■ **Material shown**:
___

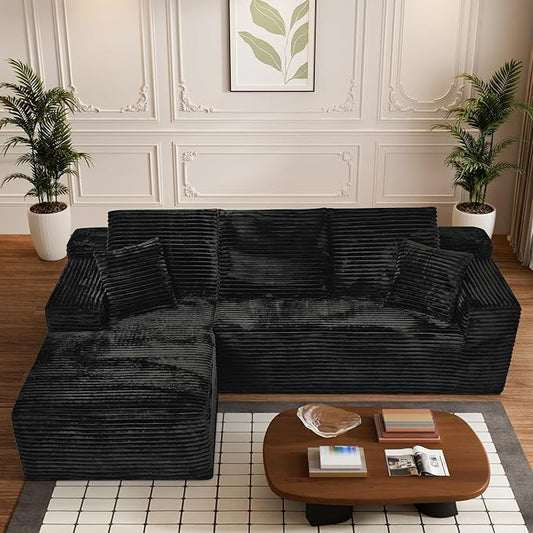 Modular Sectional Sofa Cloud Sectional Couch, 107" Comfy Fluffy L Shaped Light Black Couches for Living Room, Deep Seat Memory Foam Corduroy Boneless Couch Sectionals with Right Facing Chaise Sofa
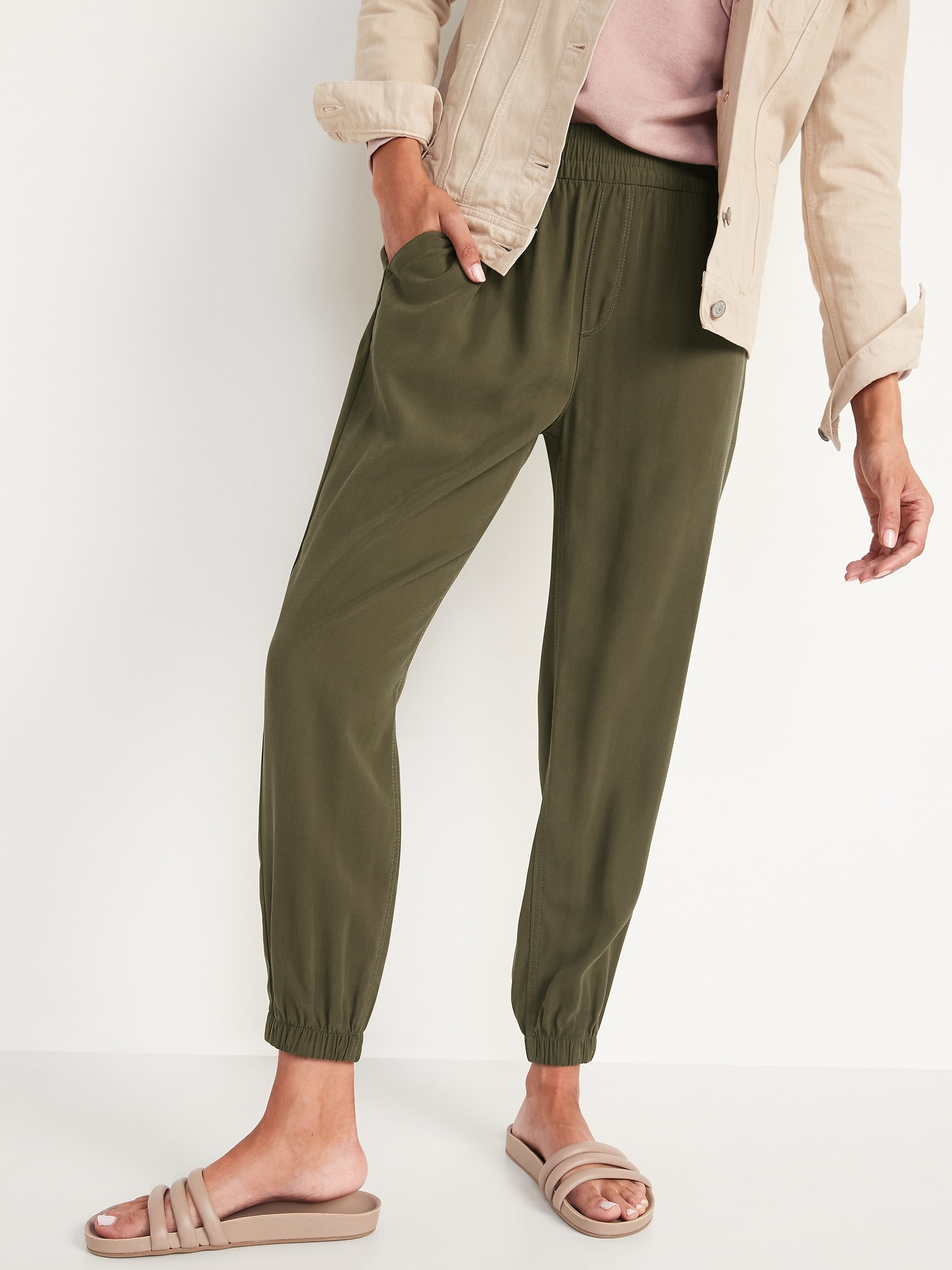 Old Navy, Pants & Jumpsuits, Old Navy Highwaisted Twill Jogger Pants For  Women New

___

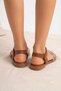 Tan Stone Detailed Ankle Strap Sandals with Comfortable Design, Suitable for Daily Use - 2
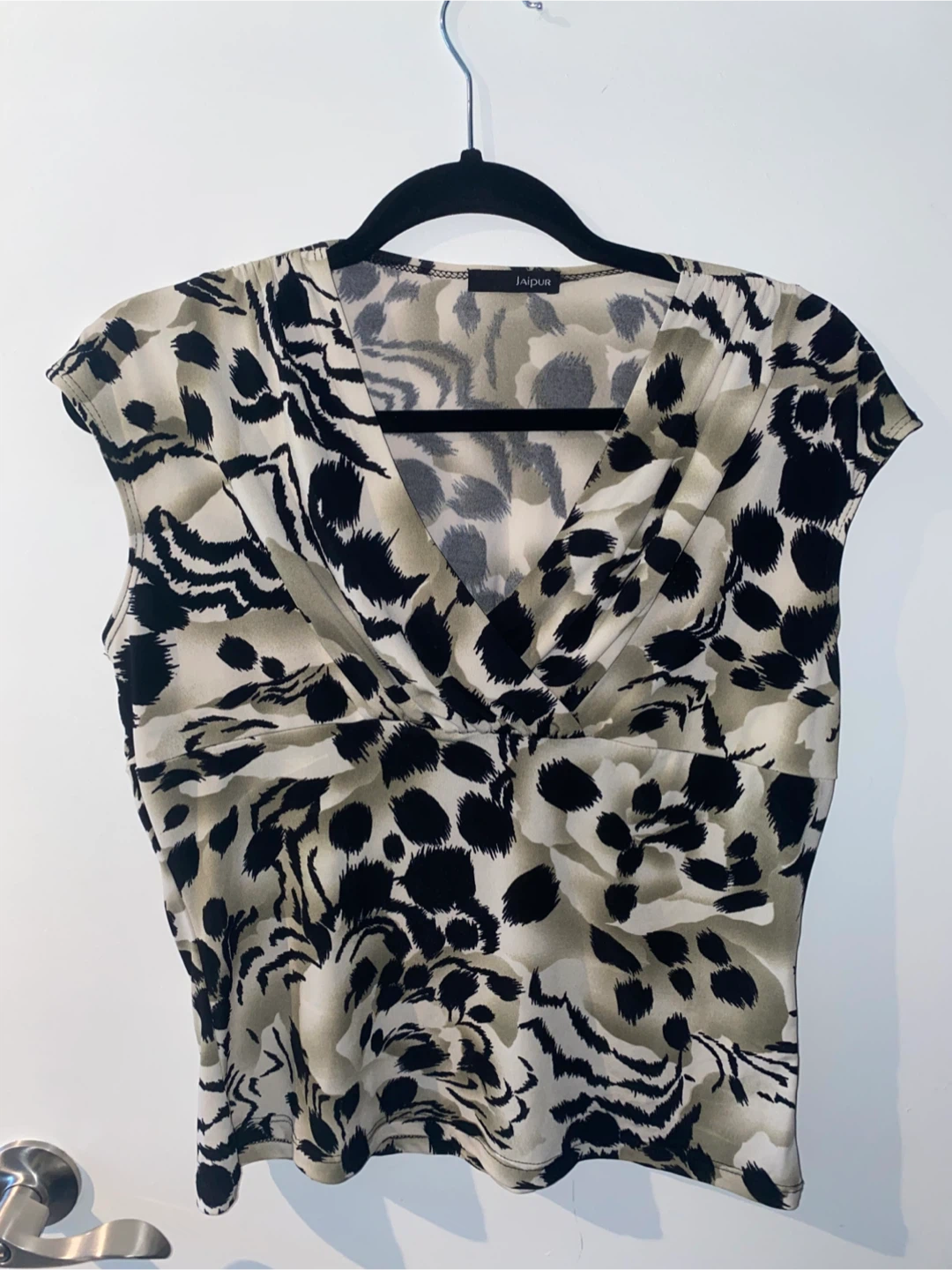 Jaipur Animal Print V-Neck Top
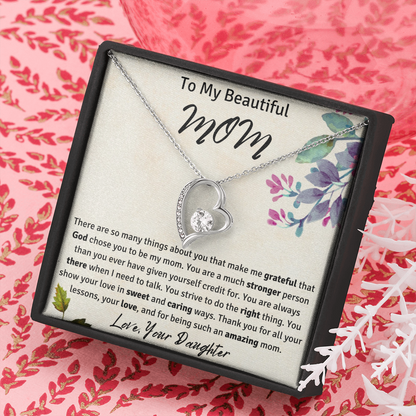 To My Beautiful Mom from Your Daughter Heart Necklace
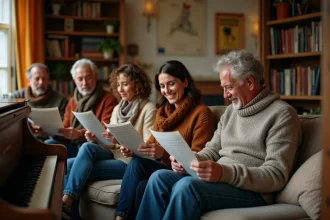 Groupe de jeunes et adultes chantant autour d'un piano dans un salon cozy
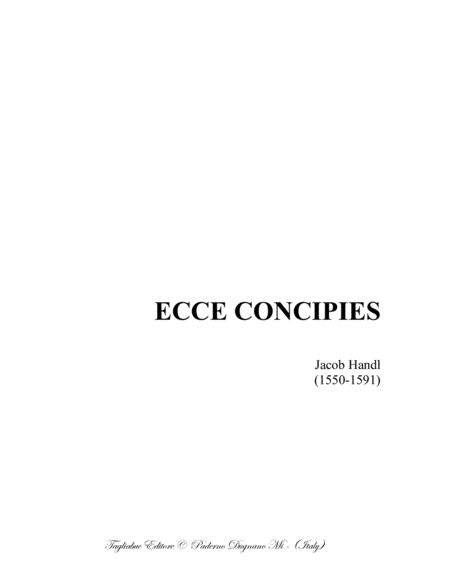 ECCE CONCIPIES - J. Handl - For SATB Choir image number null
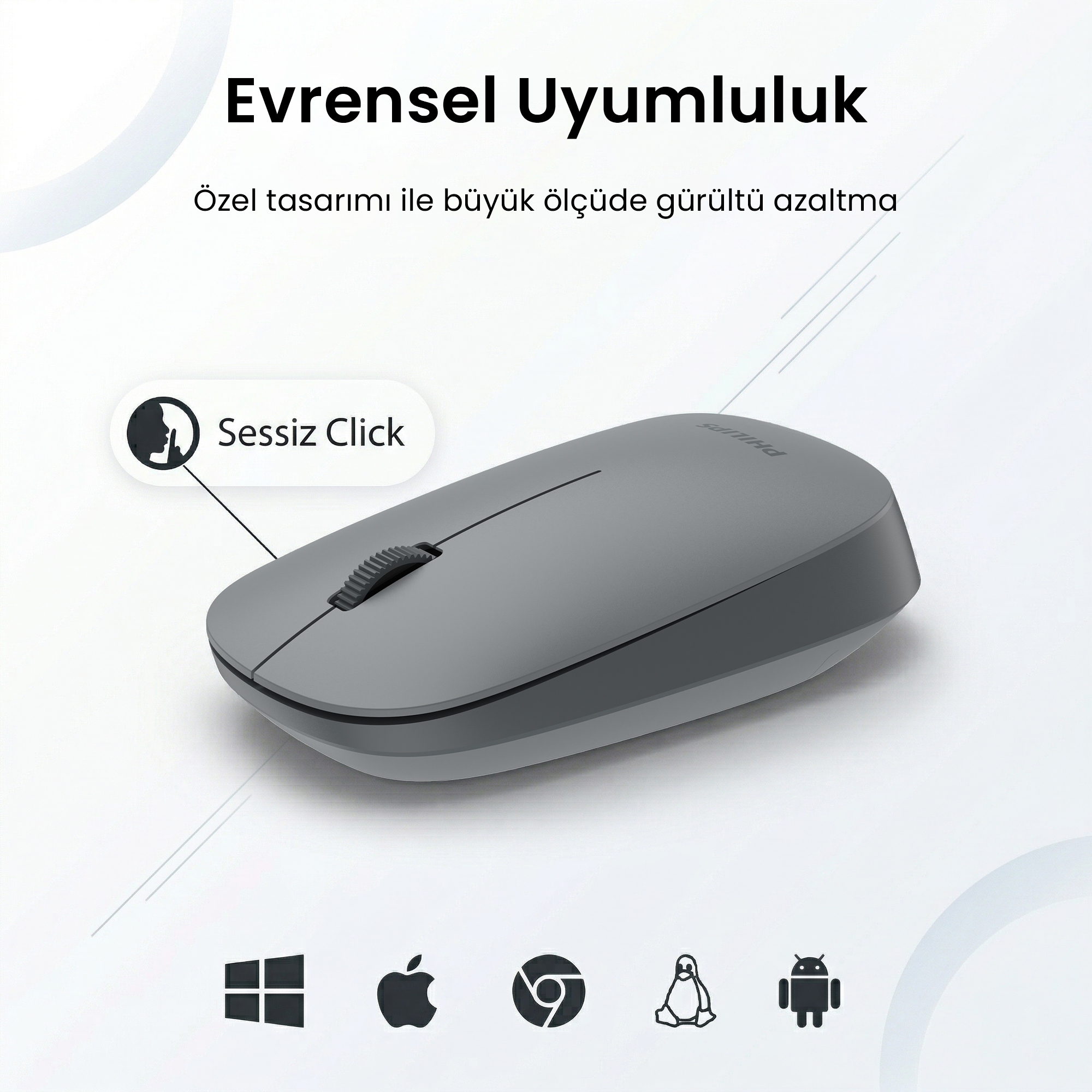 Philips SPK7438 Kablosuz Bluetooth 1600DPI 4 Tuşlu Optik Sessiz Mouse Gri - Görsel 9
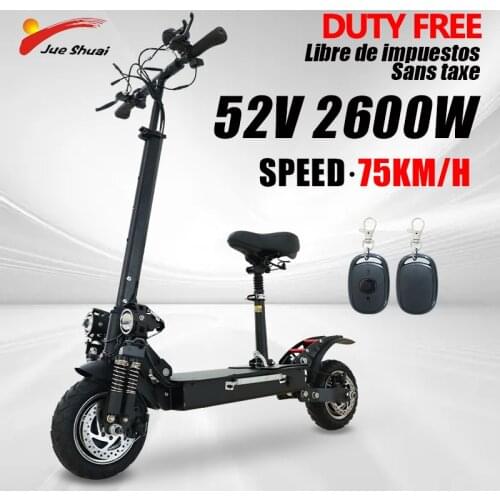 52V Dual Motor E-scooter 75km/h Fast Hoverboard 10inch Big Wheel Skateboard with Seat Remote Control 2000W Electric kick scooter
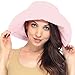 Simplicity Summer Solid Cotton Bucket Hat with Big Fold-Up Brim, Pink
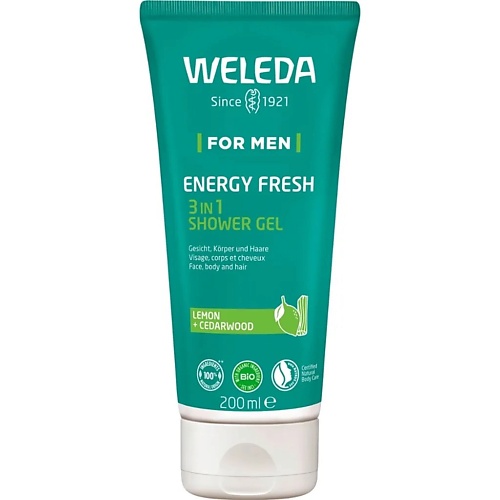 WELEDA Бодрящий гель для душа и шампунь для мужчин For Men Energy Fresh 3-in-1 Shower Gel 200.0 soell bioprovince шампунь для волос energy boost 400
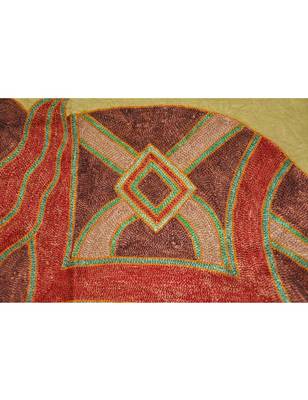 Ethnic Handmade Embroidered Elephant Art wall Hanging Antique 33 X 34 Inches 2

___

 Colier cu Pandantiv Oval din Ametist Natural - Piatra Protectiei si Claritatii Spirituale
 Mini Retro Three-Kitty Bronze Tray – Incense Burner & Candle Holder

___

■ **Work instruction**:
Among the entries above, locate the line with "Modular Sectional Sofa" and the line with "Old Navy, Pants". Give those two lines and all lines between them again, exactly, leaving out the pictures.

■ **Exercise response**:
 Modular Sectional Sofa Cloud Sectional Couch, 107" Comfy Fluffy L Shaped Light Black Couches for Living Room, Deep Seat Memory Foam Corduroy Boneless Couch Sectionals with Right Facing Chaise Sofa
 Old Navy, Pants & Jumpsuits, Old Navy Highwaisted Twill Jogger Pants For  Women New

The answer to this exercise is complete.